** Supplied material **
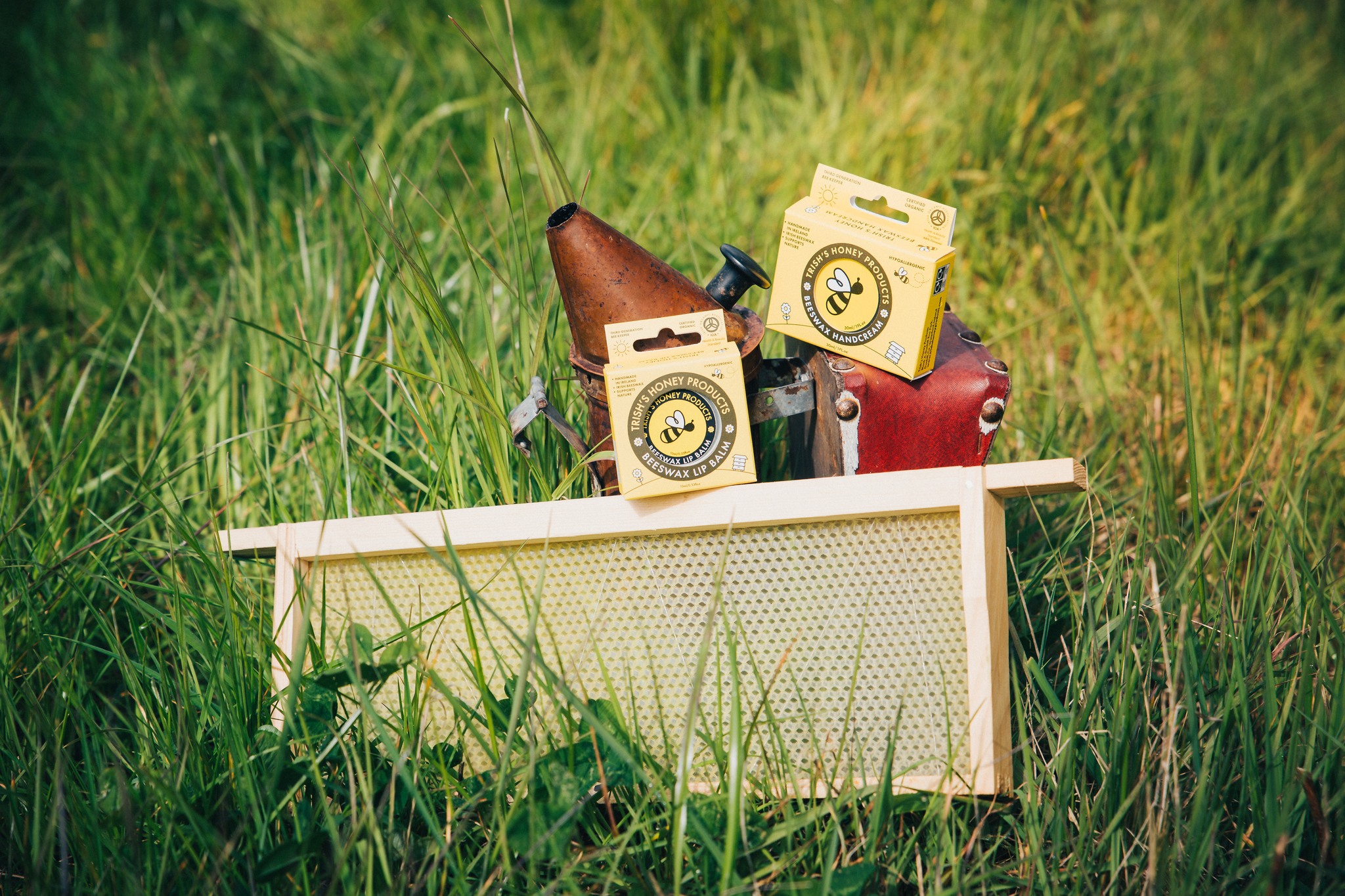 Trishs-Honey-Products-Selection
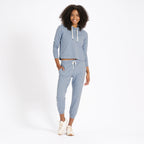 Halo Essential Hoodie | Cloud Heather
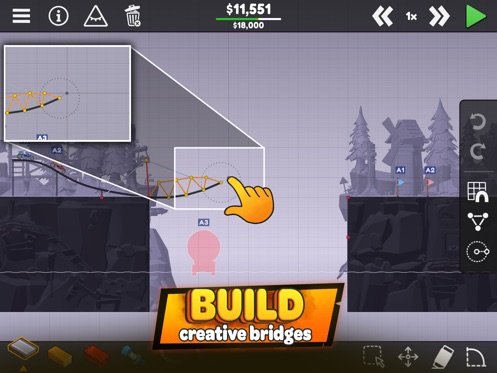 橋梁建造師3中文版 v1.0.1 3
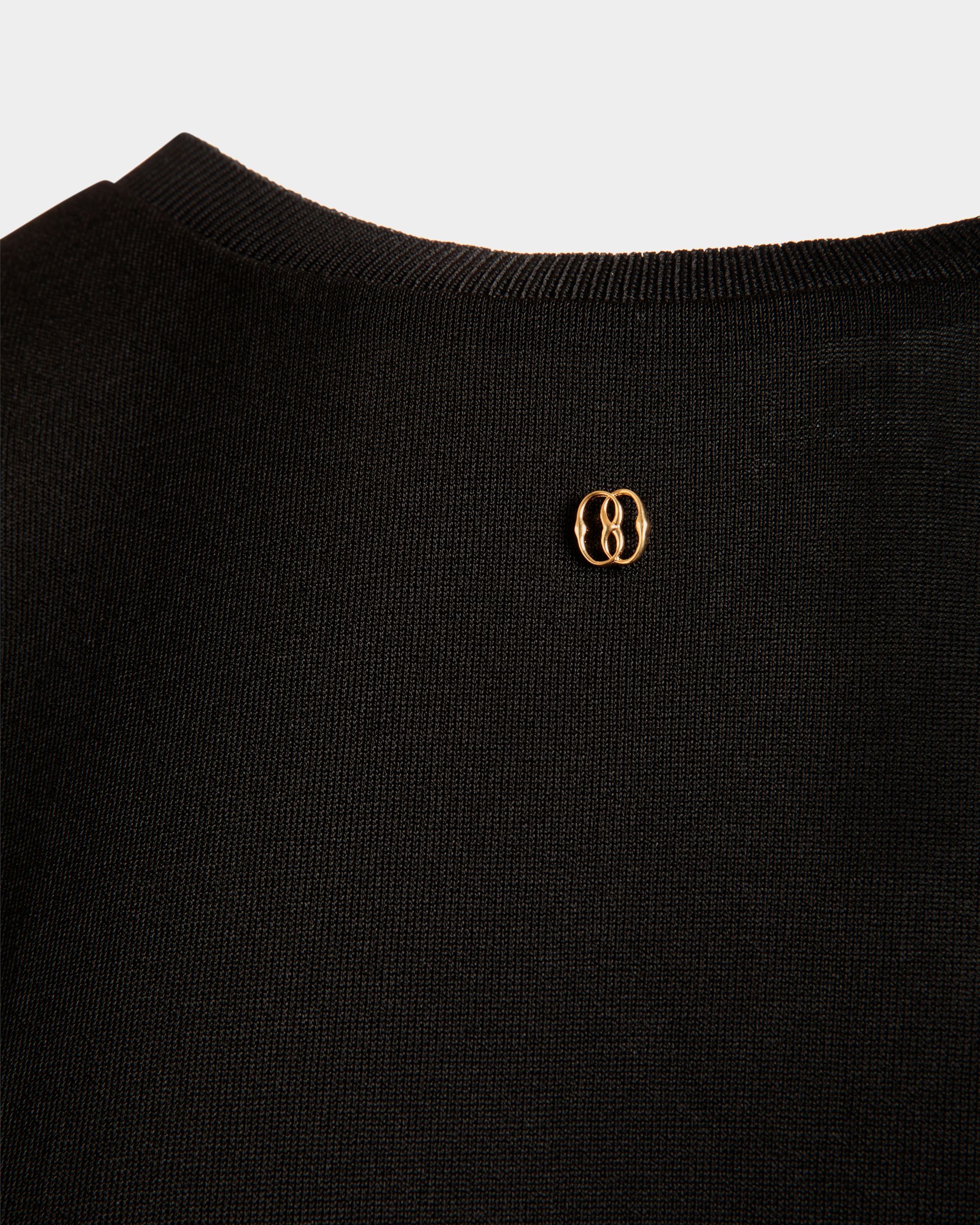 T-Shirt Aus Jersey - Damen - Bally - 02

** Problem requirements **
Return the material exactly as it reads, though without the pictures it holds.

** Answer to this exercise **
 Trishs-Honey-Products-Selection
 Halo Essential Hoodie | Cloud Heather
 橋梁建造師3中文版 v1.0.1 3
 T-Shirt Aus Jersey - Damen - Bally - 02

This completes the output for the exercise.